Chapter One
Refuge. Bain hadn't been back to this planet since he was twelve. He was fifteen now.
At the beginning, when Lin hadn't been allowed to tell him they were relatives, Bain had feared the authorities would separate them the next time they landed on Refuge.
Now, he watched the screen as they approached the planet and he grinned. He was a Spacer, born and bred, trained and proven. The only thing that could get him to leave Sunsinger was if someone offered him a ship of his own. Nothing else that Bain could imagine could ever get him to leave Lin or Ganfer or the ship. Sunsinger was home, and Lin and Ganfer were his family. To Spacers, home and family were as sacred as the Order and obeying Fi'in's laws.
Refuge grew bigger on the computer screens, filling them with the blue-white clouds of the upper atmosphere, then changing to blue and brown and green as the ship penetrated that layer and headed down through thickening air for the landing field.
Sunsinger's hold was filled with medical supplies for the scientists stationed on Refuge. Bain only knew the Mashrami had hit more planets with plague bombs in the last five months than they had attacked in the last six years. Lin speculated it was a desperation move; a spoilsport mentality that drove the dying race to destroy worlds they would never own. It was only speculation, because the military wasn't telling anyone anything.
Lin reasoned that either the military didn't know or they didn't want to panic anyone. She understood their reasoning for what they did. That didn't mean she or Bain had to like the silence, though.
Like everyone involved in aiding the military, the crew of Sunsinger had to get by on guesswork. They guessed what was happening in the war based on the cargo in their holds, snippets of conversations overheard in military offices or activity glimpsed on Fleet-occupied planets.
"Refuge spaceport, this is Sunsinger," Lin said. On the viewscreens, the scorched expanse of the landing field had just become visible. "Requesting landing coordinates and decontamination protocol. We have priority level three medical supplies to unload."
"Acknowledged, Sunsinger," a metallic-toned voice responded. Bain couldn't tell if the speaker was male or female. "Sending now."
"Receiving," Lin said a moment later, as numbers scrolled down the screen by her left elbow. She pressed the buttons that cut off voice communication. "Their communication system needs an overhaul. I doubt they'll get it until the whole wretched mechanism breaks down." She sighed and stretched her arms to the ceiling. Her long, black, silver-streaked braid slid over her shoulder and swung across the back of the chair. "Exigencies of the war."

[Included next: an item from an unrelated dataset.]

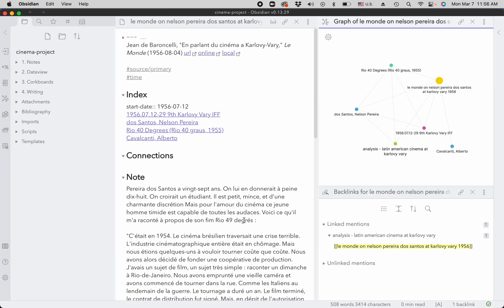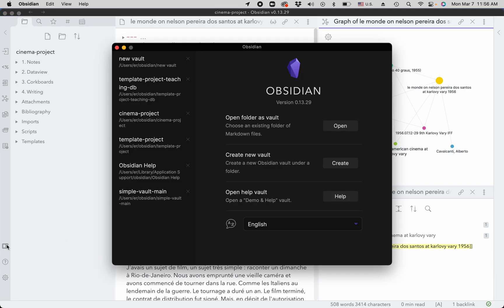Let's say you want to create a new vault. You go to open another vault button, click it. Then you go to create new vault section, click on create.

"I thought it would be over by now," Bain said. He winced when his voice cracked.
Lin grinned at his embarrassment. Bain's voice had been cracking, rising to unnatural squeaks or dropping to subterranean levels, for nearly three months now. Lin kept telling him it wouldn't last much longer, that it was part of his body's maturing process. Somehow, Bain doubted something so painful and embarrassing could be explained away that easily.